Claims of a toxic culture within ANZ have been labelled weak, and a publicity stunt aimed at getting multimillion-dollar settlements. McDonald Murholme Managing Director Alan McDonald provides commentary on the sensational claims of sacked ANZ traders.

See below article for further details.

‘Lawyers say sacked traders must prove ANZ Bank condoned toxic culture’ – Australian Financial Review  

Employment lawyers said sensational claims by two sacked ANZ Banking Group traders that the bank’s toxic culture influenced their behaviour were weak, and a publicity stunt aimed at getting multimillion-dollar settlements.

But others, who spoke on the condition of anonymity due to potential conflict of interest with ANZ, said the traders may have a case if they can prove ANZ condoned a culture of sex, drugs and alcohol.

Etienne Alexiou and Patrick O’Connor, who were fired for inappropriate behaviour last year, are suing the bank for tens of millions of dollars.

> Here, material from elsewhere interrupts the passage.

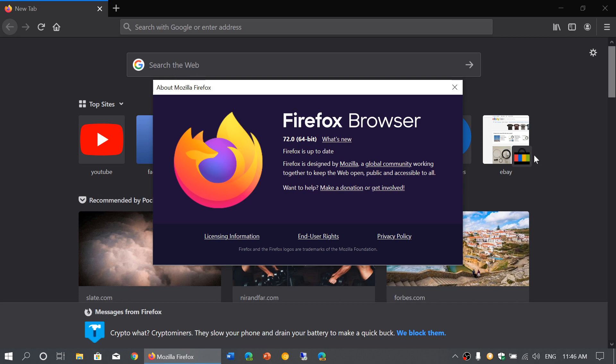So that's about it. Firefox 72 is now available today, January 7th, 2020. If you enjoy our videos, please subscribe and give us a thumbs up. Thanks for watching.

They claim the bank tolerated visits to lap-dancing, drunk driving and jokes about cocaine on birthday cakes.

Employsure managing director Edward Mallett said in his view the legal case was primarily a “PR campaign” aimed at putting pressure on the bank to pay the men to drop their lawsuits.

“As it was in the David Jones case, the priority is to generate media content off it, and the legality of the claim will be secondary to the PR campaign,” he said. “They prepared this dirty laundry to be washed in public.”

But Mr Alexiou’s lawyer, Peter Punch of Carroll O’Dea, denied Mr Alexiou was seeking publicity for his case. He said Mr Alexiou did not cooperate with the publication of the original story in The Australian Financial Review and he did not wish his case to feature in the media.

“Our client [Mr Alexiou] has no intention of ventilating his claims against the bank in the media, as he believes that the proper forum for those claims is his case before the Federal Court,” Mr Punch said in an email to The Financial Review.

Holding Redlich employment lawyer Charles Power said the claim was manufactured to win a settlement from ANZ.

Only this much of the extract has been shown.